_RECORDS_:
Segment Open
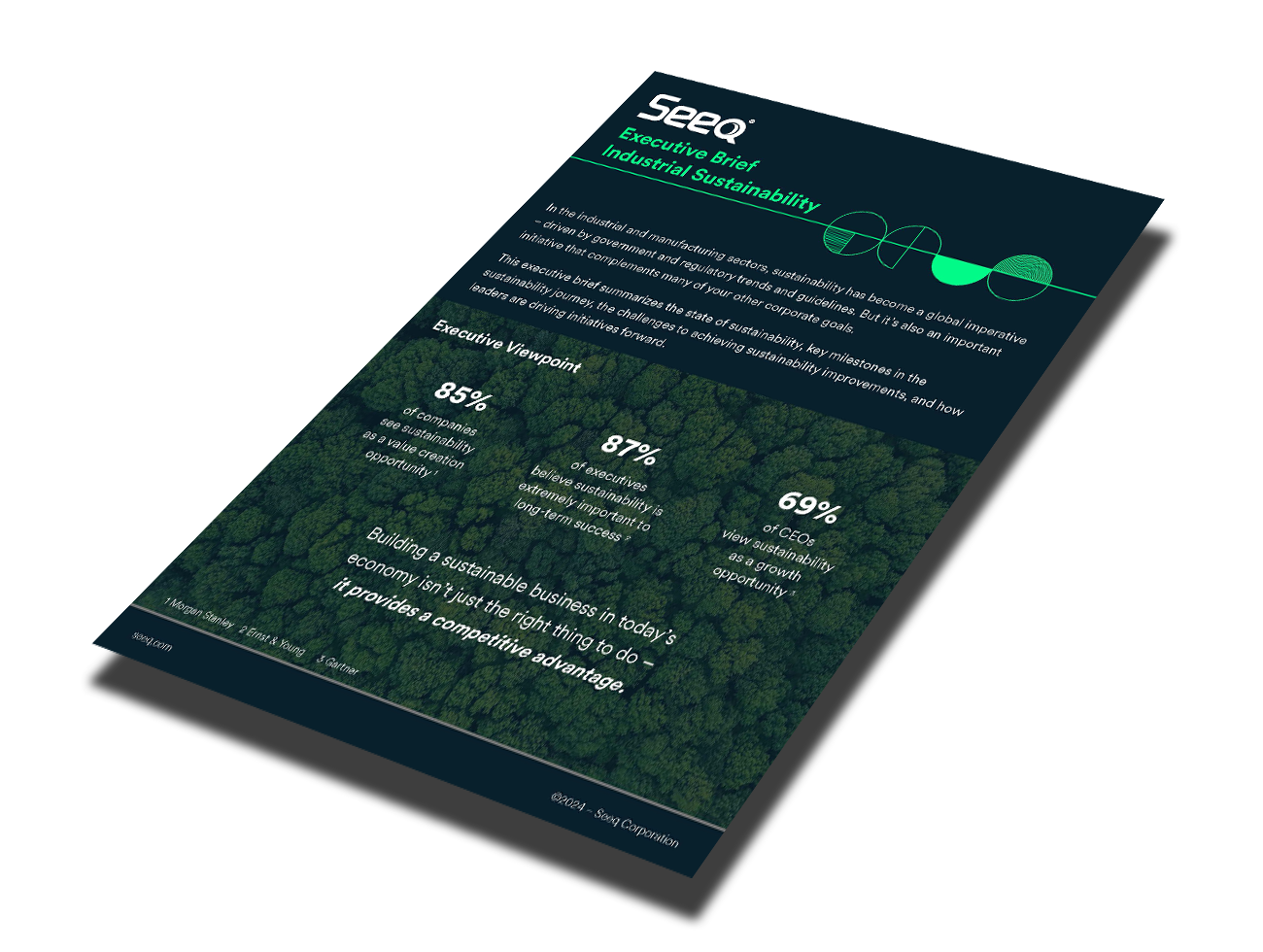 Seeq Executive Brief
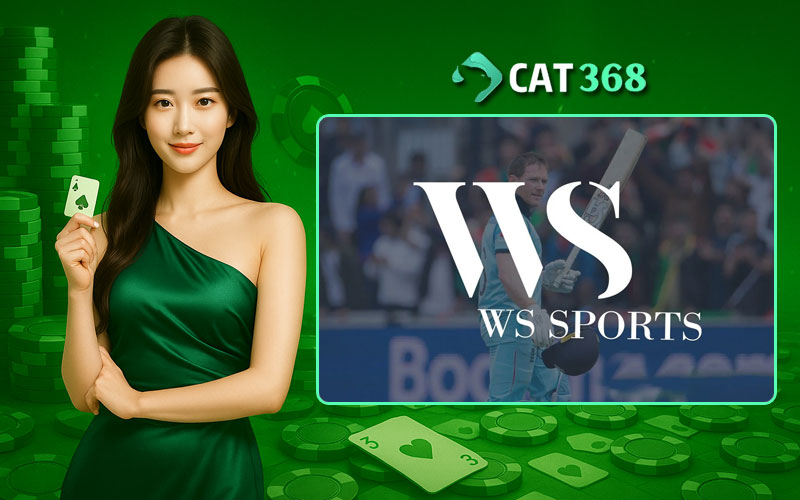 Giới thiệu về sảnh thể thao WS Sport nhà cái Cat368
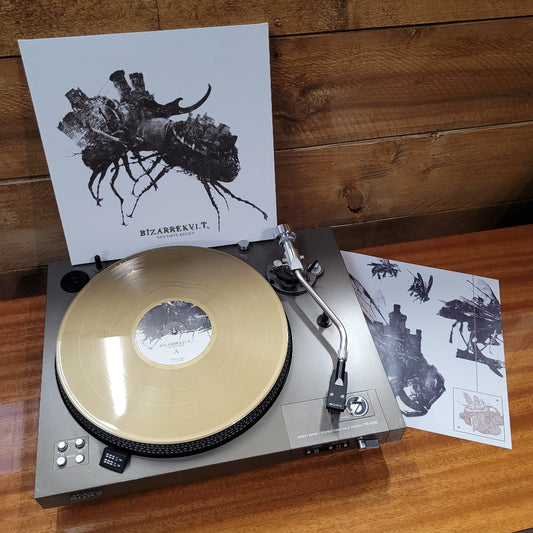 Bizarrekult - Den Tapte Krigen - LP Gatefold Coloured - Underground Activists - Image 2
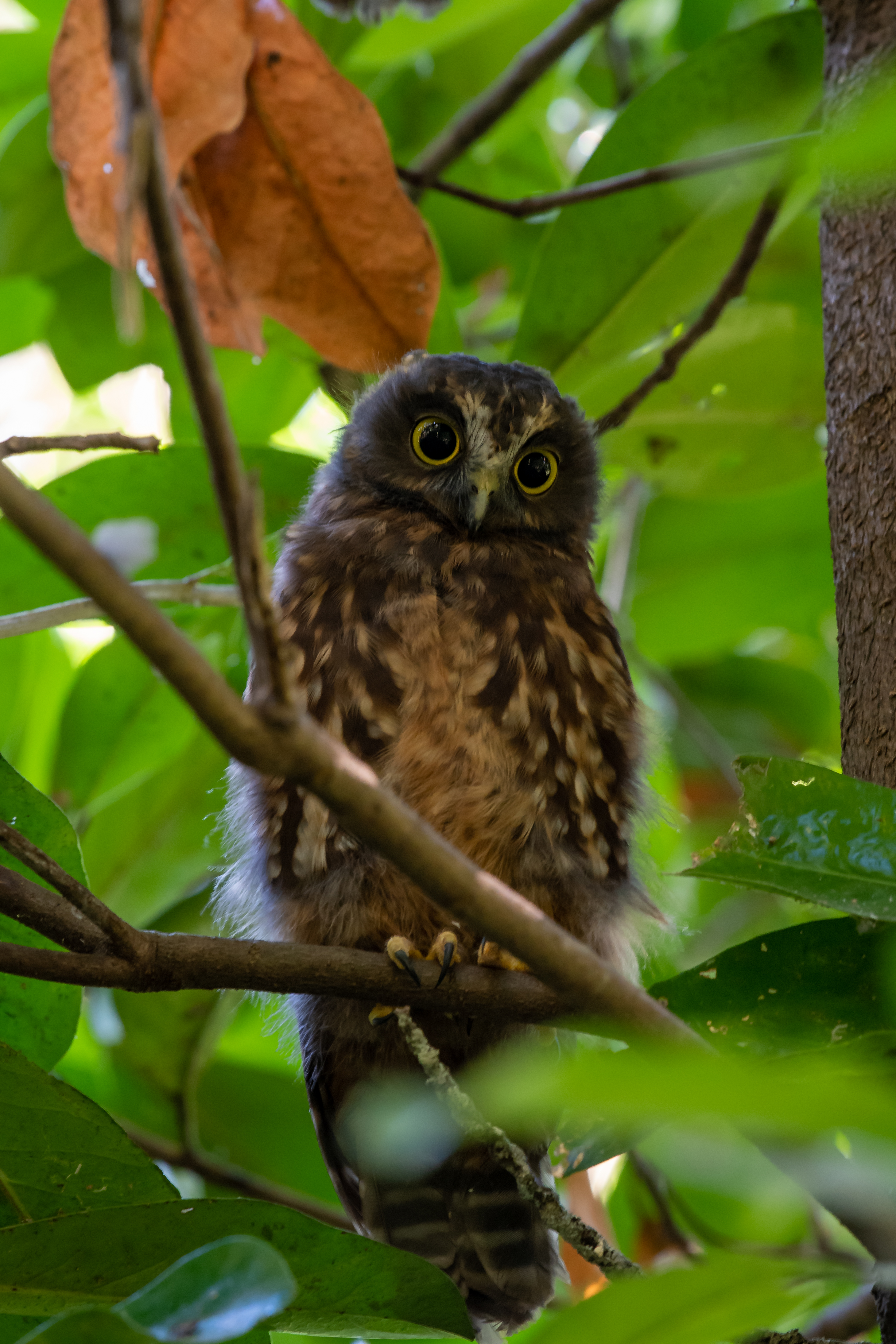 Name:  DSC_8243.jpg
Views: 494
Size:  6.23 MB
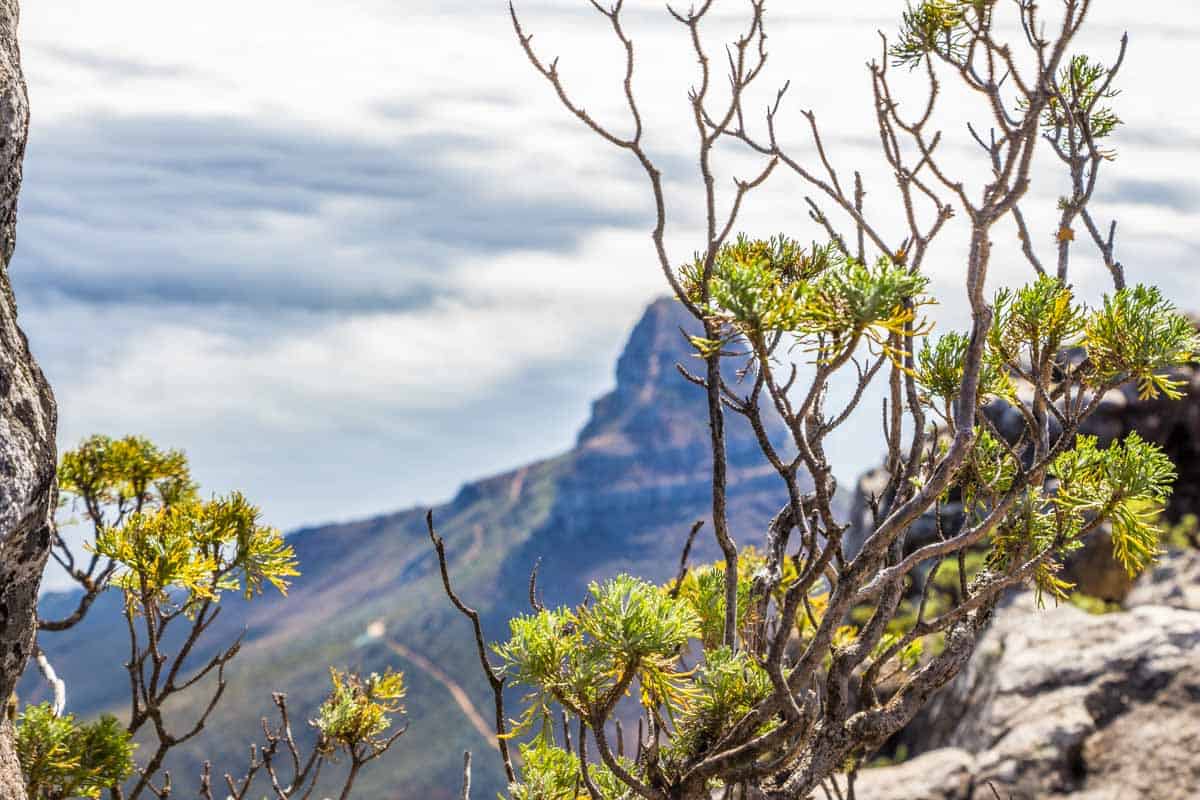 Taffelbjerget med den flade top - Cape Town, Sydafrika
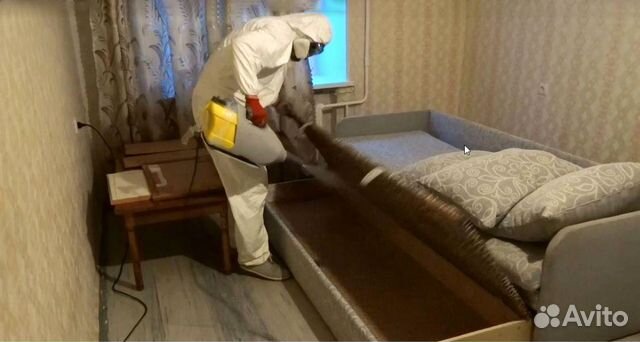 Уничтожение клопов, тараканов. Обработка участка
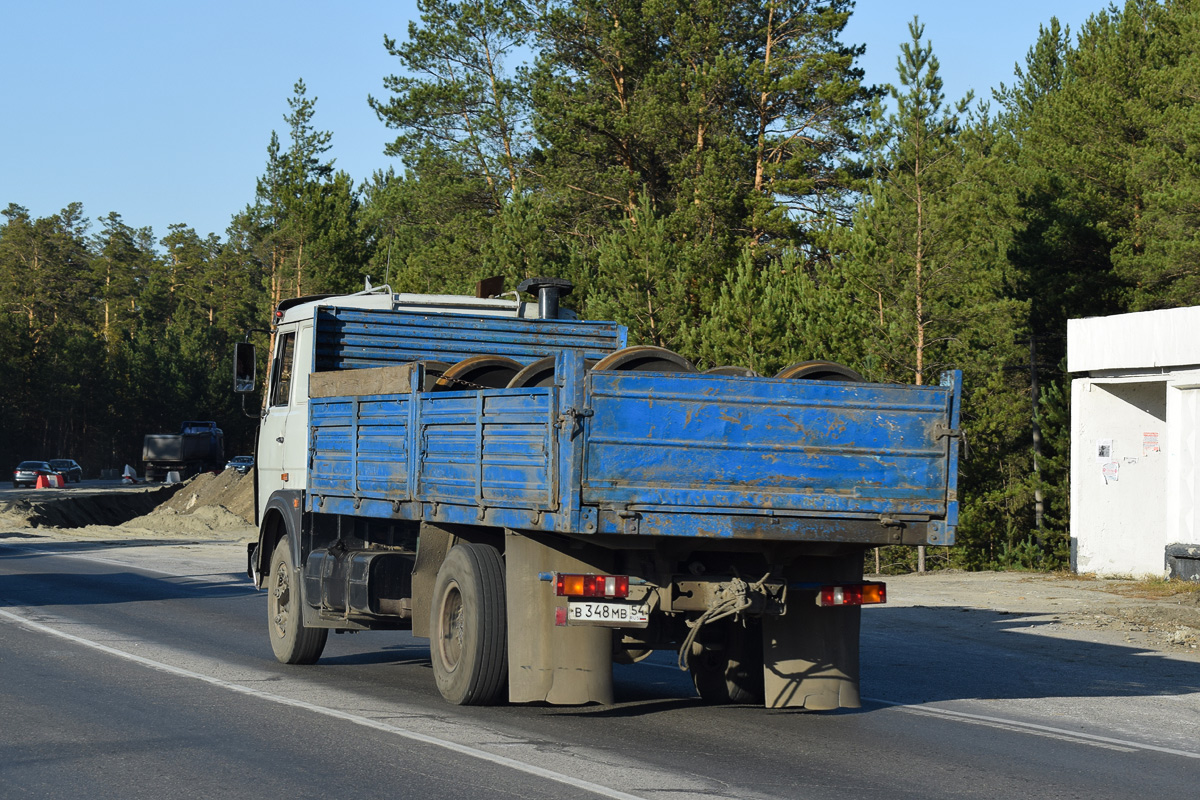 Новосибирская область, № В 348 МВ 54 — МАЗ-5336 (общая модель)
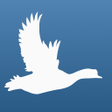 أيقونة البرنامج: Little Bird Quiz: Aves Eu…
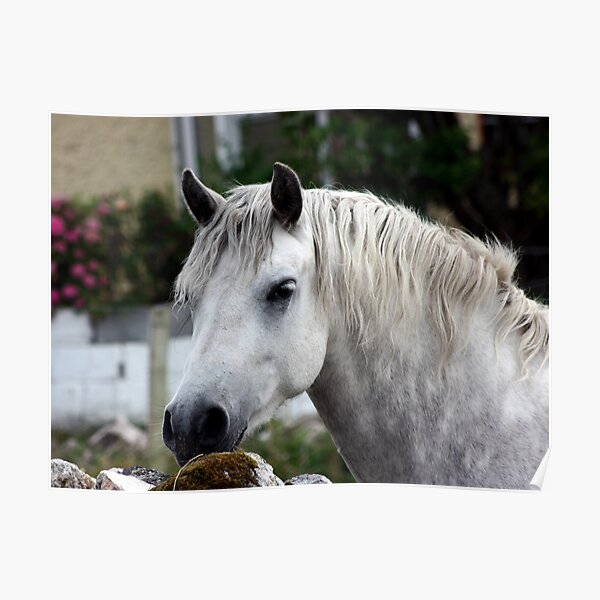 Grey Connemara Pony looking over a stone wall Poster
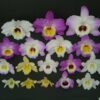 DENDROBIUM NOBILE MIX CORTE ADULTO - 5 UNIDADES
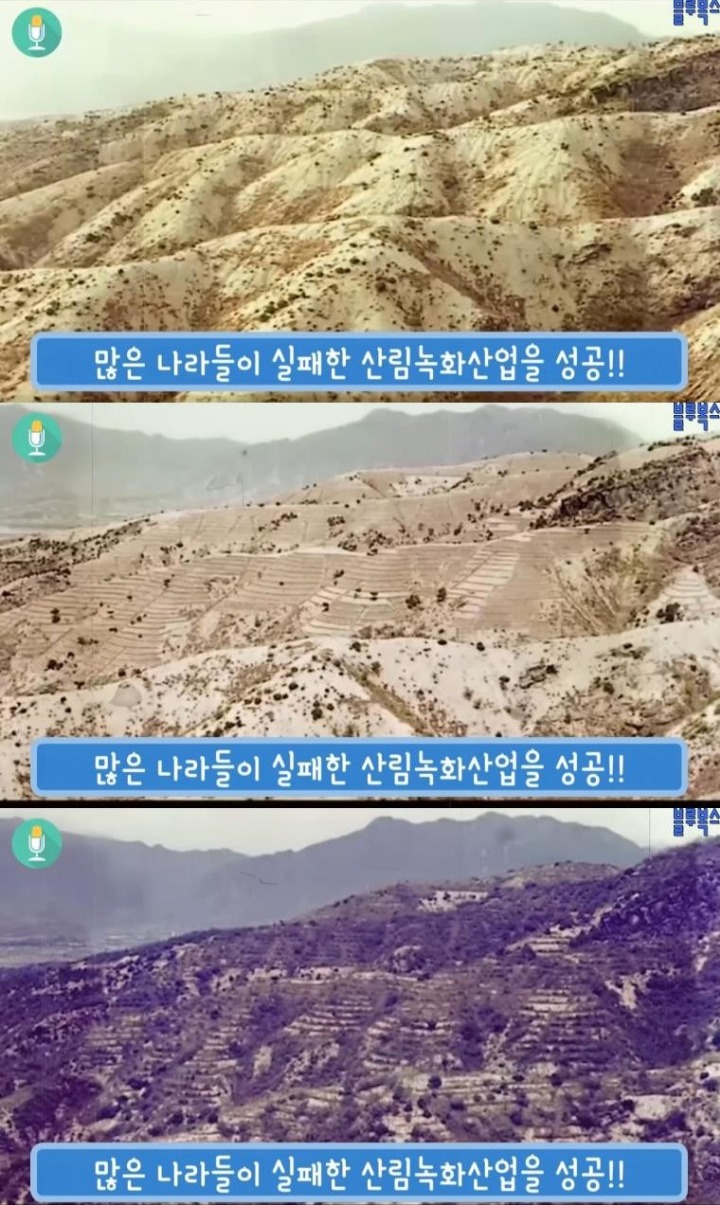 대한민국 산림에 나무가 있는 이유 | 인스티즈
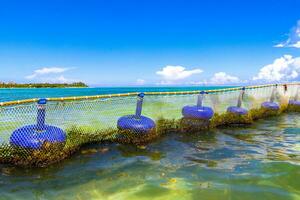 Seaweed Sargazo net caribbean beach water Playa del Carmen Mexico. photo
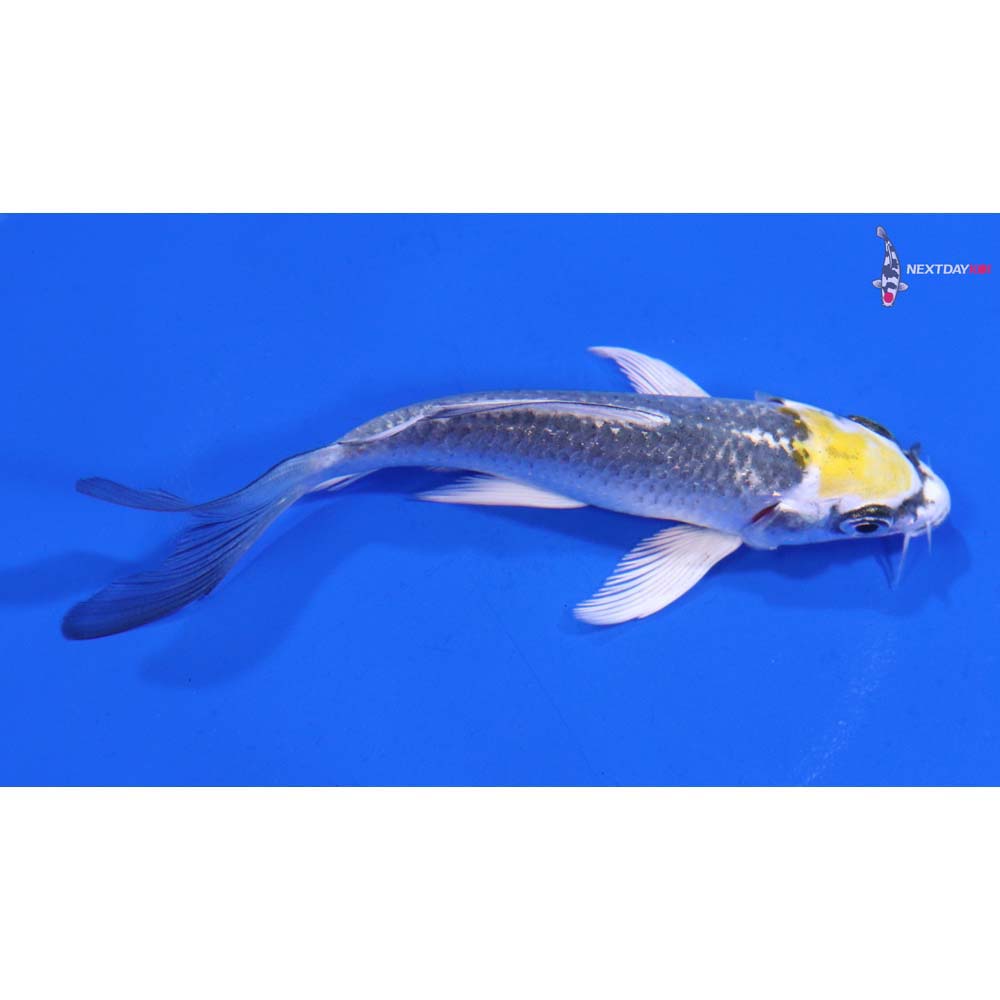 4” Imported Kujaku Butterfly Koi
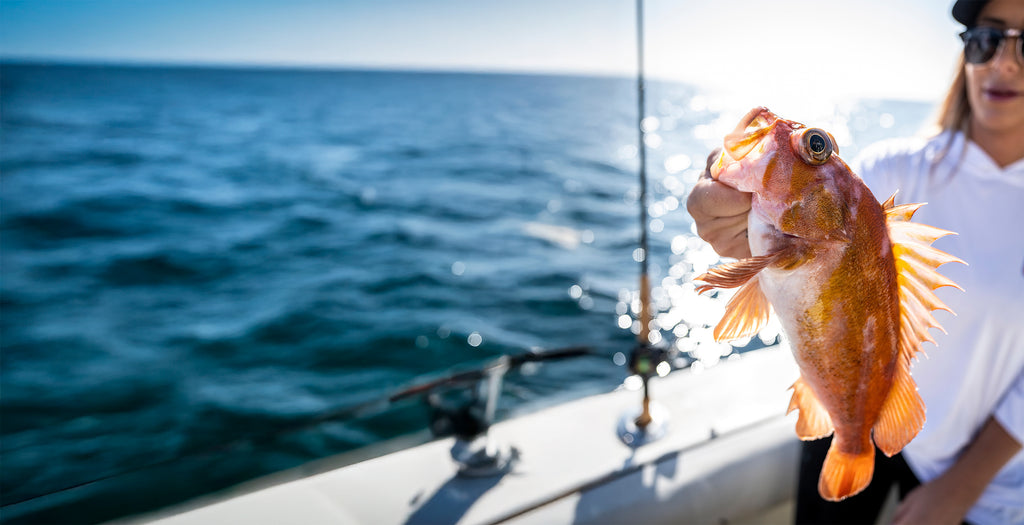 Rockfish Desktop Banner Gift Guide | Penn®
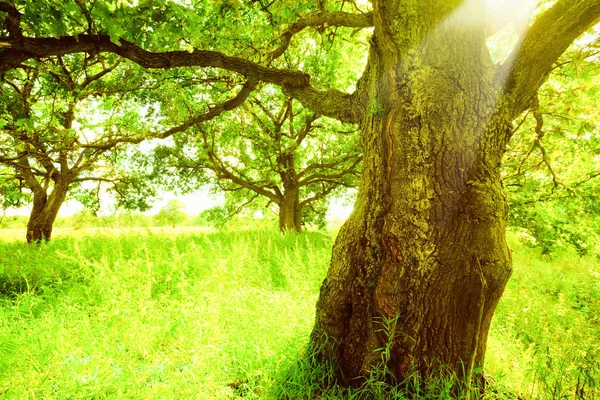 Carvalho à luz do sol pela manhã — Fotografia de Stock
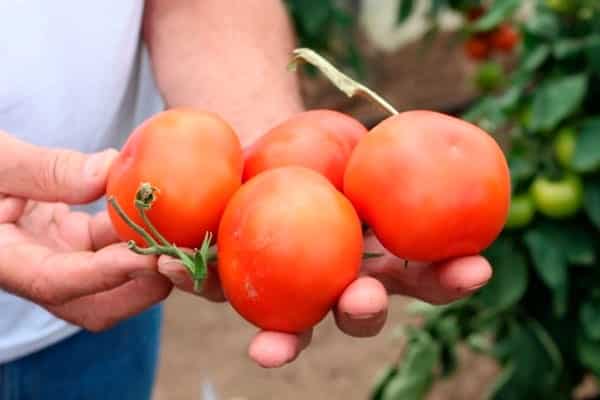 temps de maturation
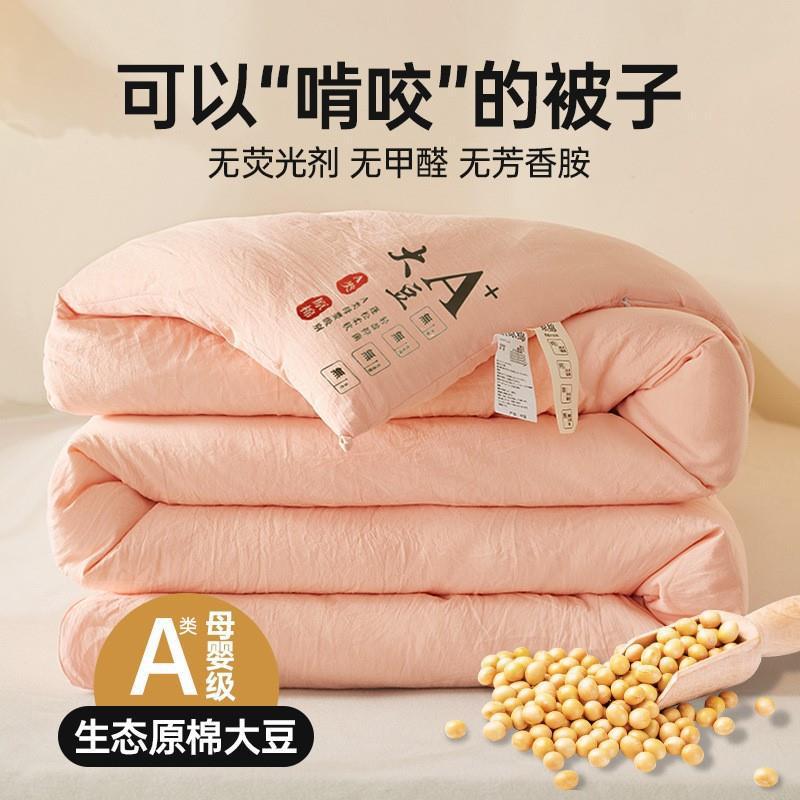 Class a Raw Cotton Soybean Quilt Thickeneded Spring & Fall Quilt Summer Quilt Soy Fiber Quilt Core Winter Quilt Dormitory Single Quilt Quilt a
Segment Closed
_TASK PROMPT_: Write out the lines from the line with "DENDROBIUM NOBILE MIX" through the end of the records exactly; do not include pictures or any other lines.

_WORKED SOLUTION_:
 DENDROBIUM NOBILE MIX CORTE ADULTO - 5 UNIDADES
 대한민국 산림에 나무가 있는 이유 | 인스티즈
 Seaweed Sargazo net caribbean beach water Playa del Carmen Mexico. photo
 4” Imported Kujaku Butterfly Koi
 Rockfish Desktop Banner Gift Guide | Penn®
 Carvalho à luz do sol pela manhã — Fotografia de Stock
 temps de maturation
 Class a Raw Cotton Soybean Quilt Thickeneded Spring & Fall Quilt Summer Quilt Soy Fiber Quilt Core Winter Quilt Dormitory Single Quilt Quilt a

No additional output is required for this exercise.